__Assignment__
Make an exact copy of the records below, leaving every image out.

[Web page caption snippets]
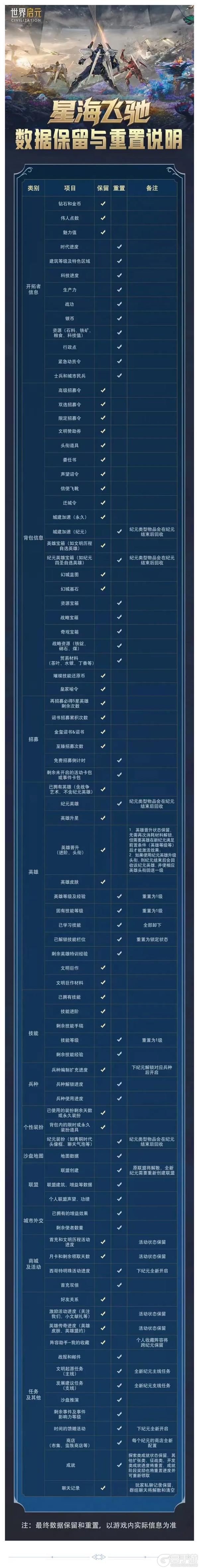 《世界启元》无限纪元「星海飞驰」数据保留与重置说明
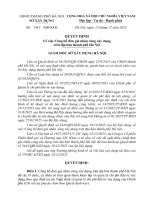 22 12 2025 Quyết định đơn giá nhân công Hà Nội 2025 (thay thế 3443)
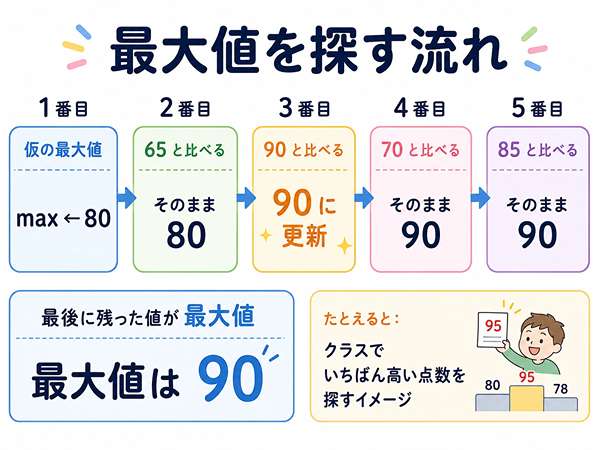 配列の最大値を比較しながら探す流れを説明する図
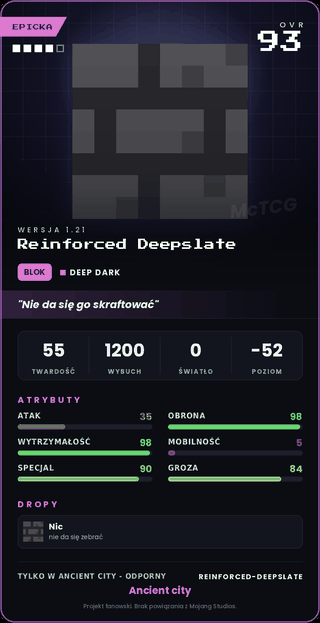 Reinforced Deepslate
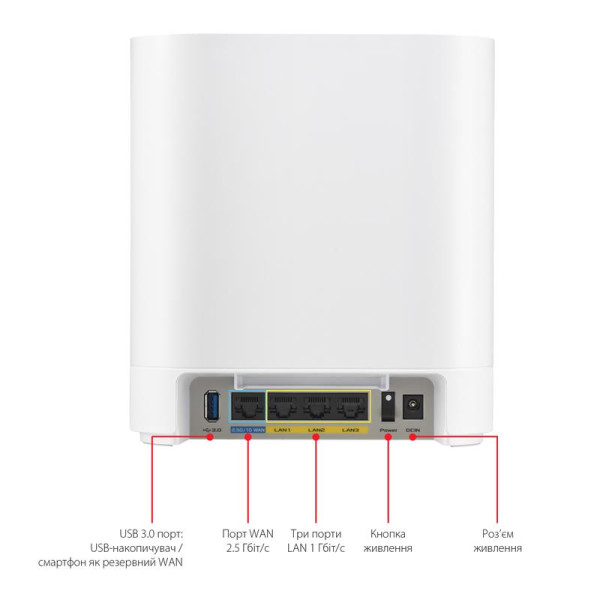 Wi-Fi Mesh-система Asus ExpertWiFi EBM68 1pk White (90IG07V0-MO3A60)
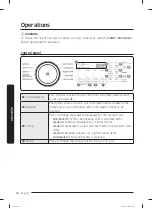 Preview for 36 page of Samsung WA49B5205A Series User Manual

__Task result__
 《世界启元》无限纪元「星海飞驰」数据保留与重置说明
 22 12 2025 Quyết định đơn giá nhân công Hà Nội 2025 (thay thế 3443)
 配列の最大値を比較しながら探す流れを説明する図
 Reinforced Deepslate
 Wi-Fi Mesh-система Asus ExpertWiFi EBM68 1pk White (90IG07V0-MO3A60)
 Preview for 36 page of Samsung WA49B5205A Series User Manual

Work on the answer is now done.